Reproduce everything from the line that contains "美女把尿口扒开让鱼钻进去小说_720免费观看超清" down to the line that contains "toyota-yaris-elektrisitetbensin-2015-big-8" in the listing below, word for word and nothing more. Leave the pictures out.

**DATA SUPPLIED**
- Opening Delimiter -
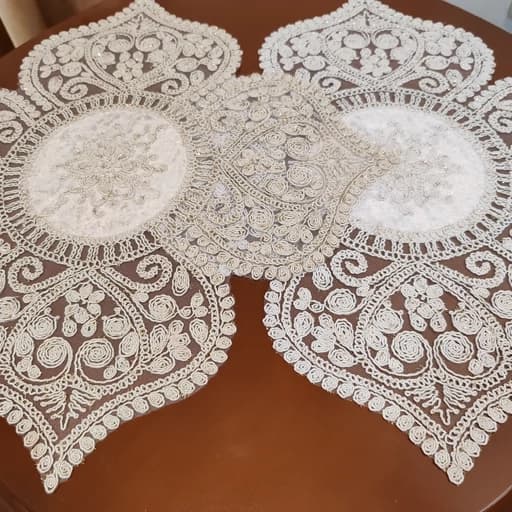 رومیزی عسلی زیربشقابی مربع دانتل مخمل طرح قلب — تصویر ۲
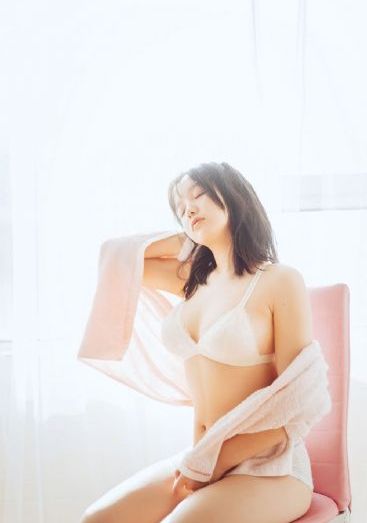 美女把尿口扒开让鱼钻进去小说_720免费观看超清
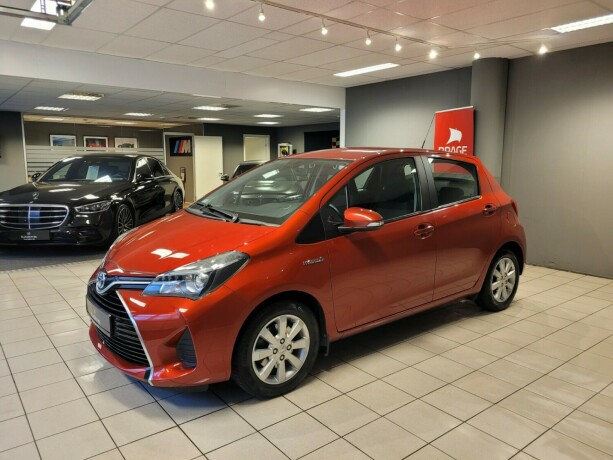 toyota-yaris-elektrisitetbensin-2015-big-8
- Closing Delimiter -
- Opening Delimiter -
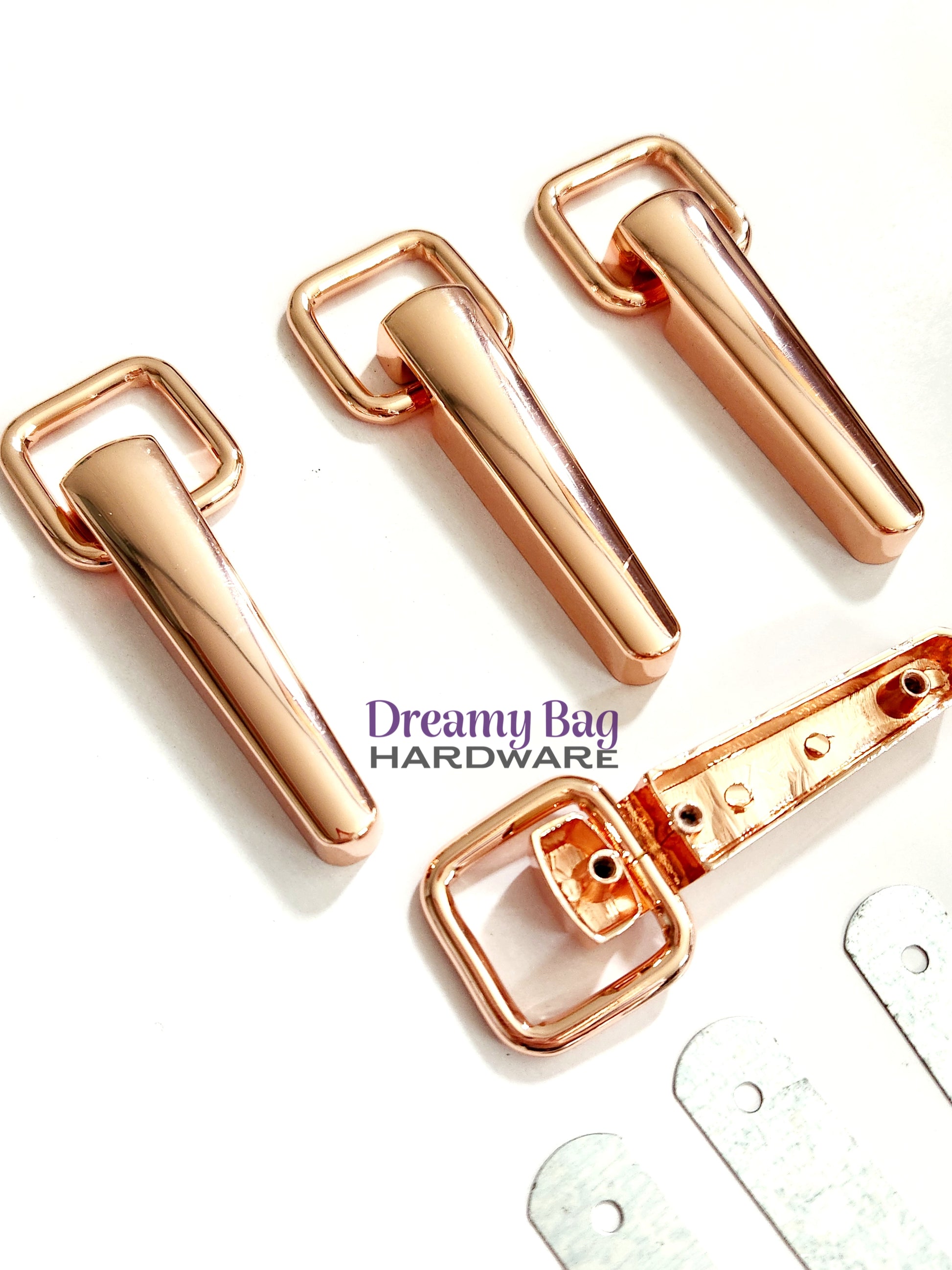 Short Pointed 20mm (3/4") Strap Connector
- Closing Delimiter -
**SOLUTION BELOW**
 美女把尿口扒开让鱼钻进去小说_720免费观看超清
 toyota-yaris-elektrisitetbensin-2015-big-8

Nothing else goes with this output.